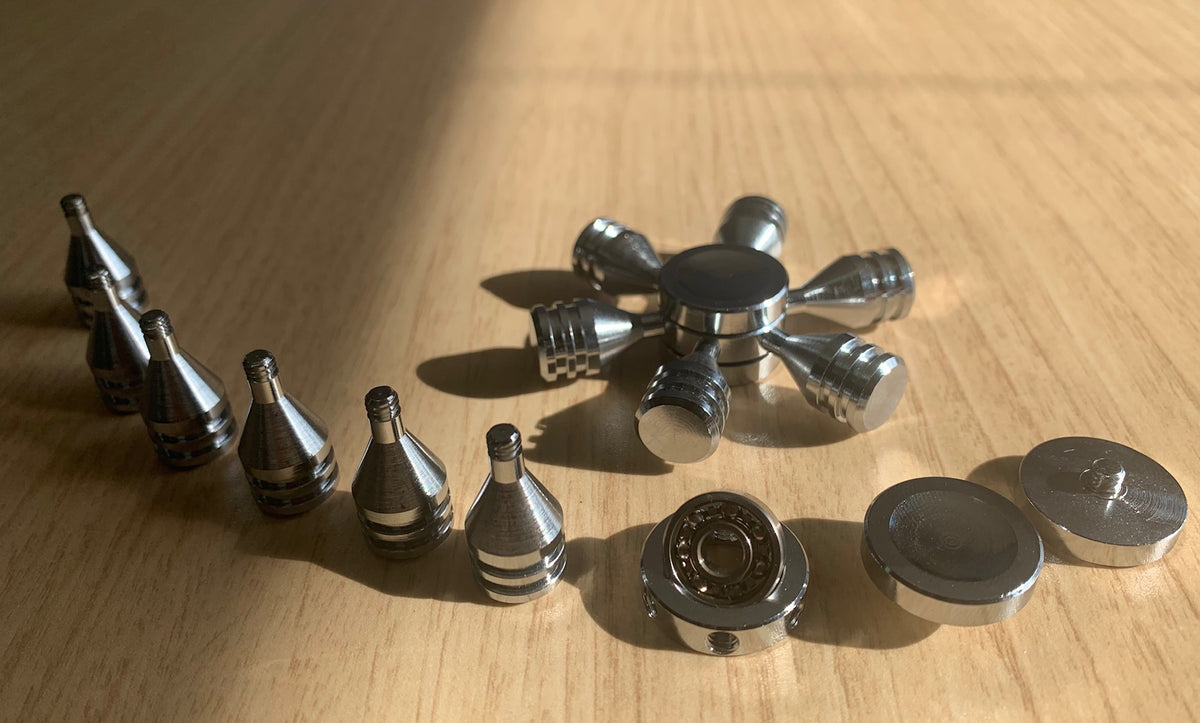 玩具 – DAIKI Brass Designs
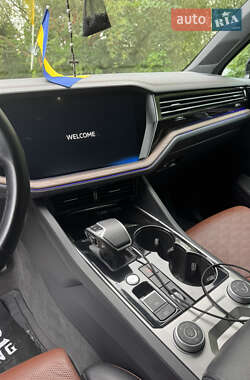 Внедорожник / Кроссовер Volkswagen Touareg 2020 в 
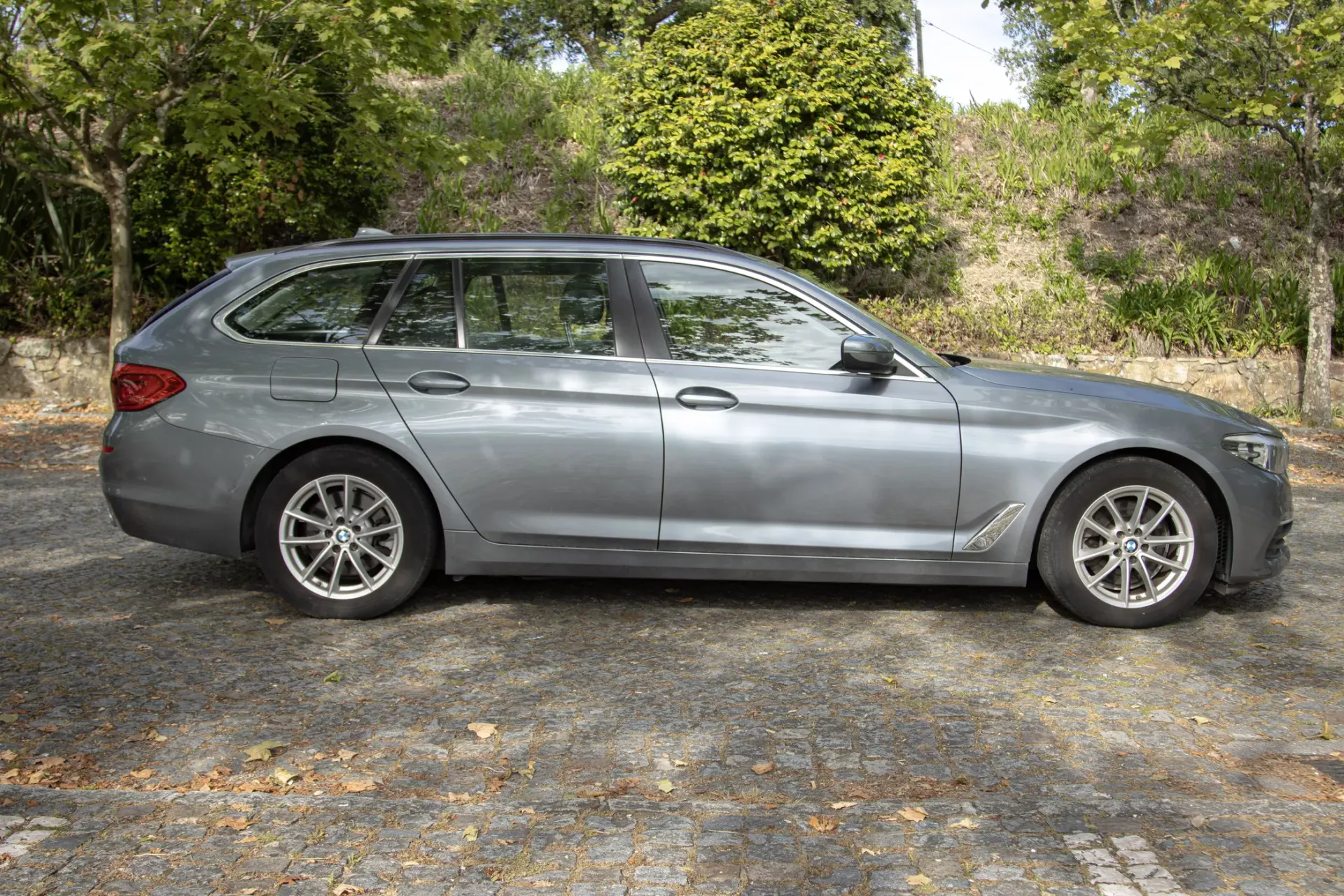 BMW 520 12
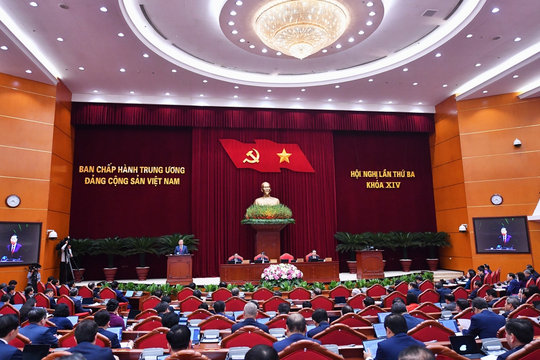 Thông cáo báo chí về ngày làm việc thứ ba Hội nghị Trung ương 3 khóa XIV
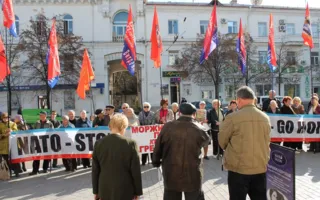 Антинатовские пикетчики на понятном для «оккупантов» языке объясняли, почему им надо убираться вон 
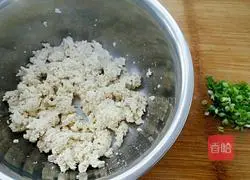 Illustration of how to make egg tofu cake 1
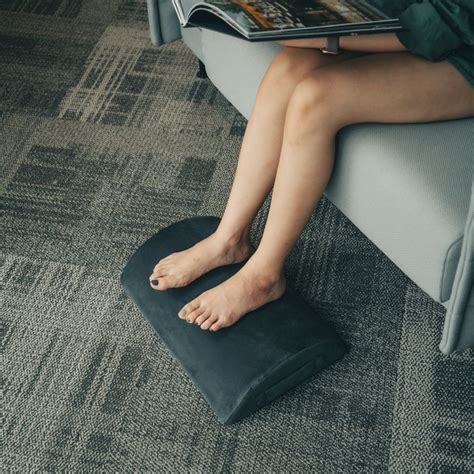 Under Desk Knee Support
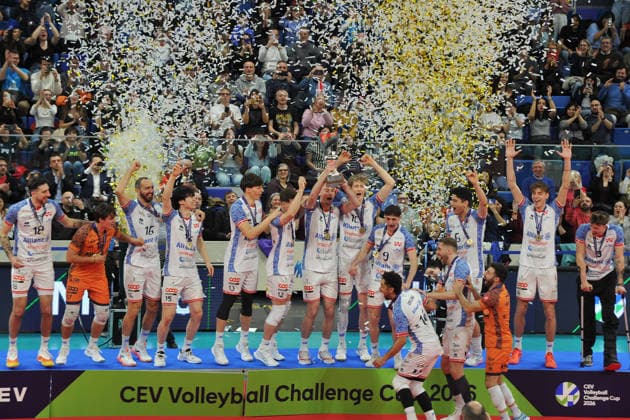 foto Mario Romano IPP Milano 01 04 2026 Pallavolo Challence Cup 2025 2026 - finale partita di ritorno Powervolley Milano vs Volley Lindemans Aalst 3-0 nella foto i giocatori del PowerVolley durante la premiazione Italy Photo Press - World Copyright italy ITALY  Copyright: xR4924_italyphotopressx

==

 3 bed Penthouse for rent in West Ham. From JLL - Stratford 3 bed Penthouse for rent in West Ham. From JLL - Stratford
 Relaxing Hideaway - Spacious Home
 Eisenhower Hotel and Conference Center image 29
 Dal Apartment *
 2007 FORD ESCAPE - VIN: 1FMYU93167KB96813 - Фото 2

...

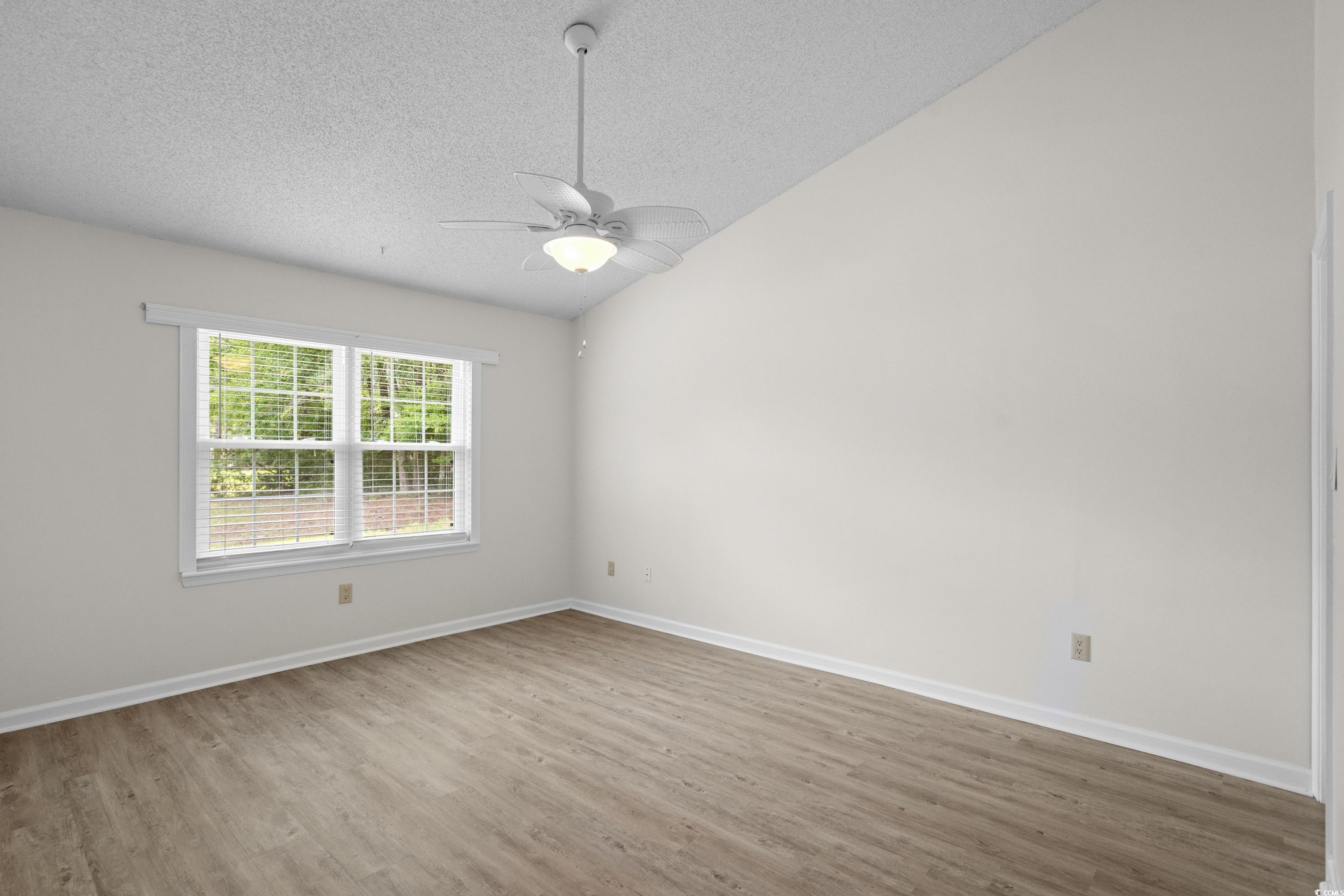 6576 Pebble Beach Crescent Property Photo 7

__EXERCISE BRIEF__
Start at the line containing "玩具 – DAIKI Brass Designs" above and stop at the line containing "foto Mario Romano". Output those lines exactly, both included, but none of the pictures.

__REPLY TO THE TASK__
 玩具 – DAIKI Brass Designs
 Внедорожник / Кроссовер Volkswagen Touareg 2020 в 
 BMW 520 12
 Thông cáo báo chí về ngày làm việc thứ ba Hội nghị Trung ương 3 khóa XIV
 Антинатовские пикетчики на понятном для «оккупантов» языке объясняли, почему им надо убираться вон 
 Illustration of how to make egg tofu cake 1
 Under Desk Knee Support
 foto Mario Romano IPP Milano 01 04 2026 Pallavolo Challence Cup 2025 2026 - finale partita di ritorno Powervolley Milano vs Volley Lindemans Aalst 3-0 nella foto i giocatori del PowerVolley durante la premiazione Italy Photo Press - World Copyright italy ITALY  Copyright: xR4924_italyphotopressx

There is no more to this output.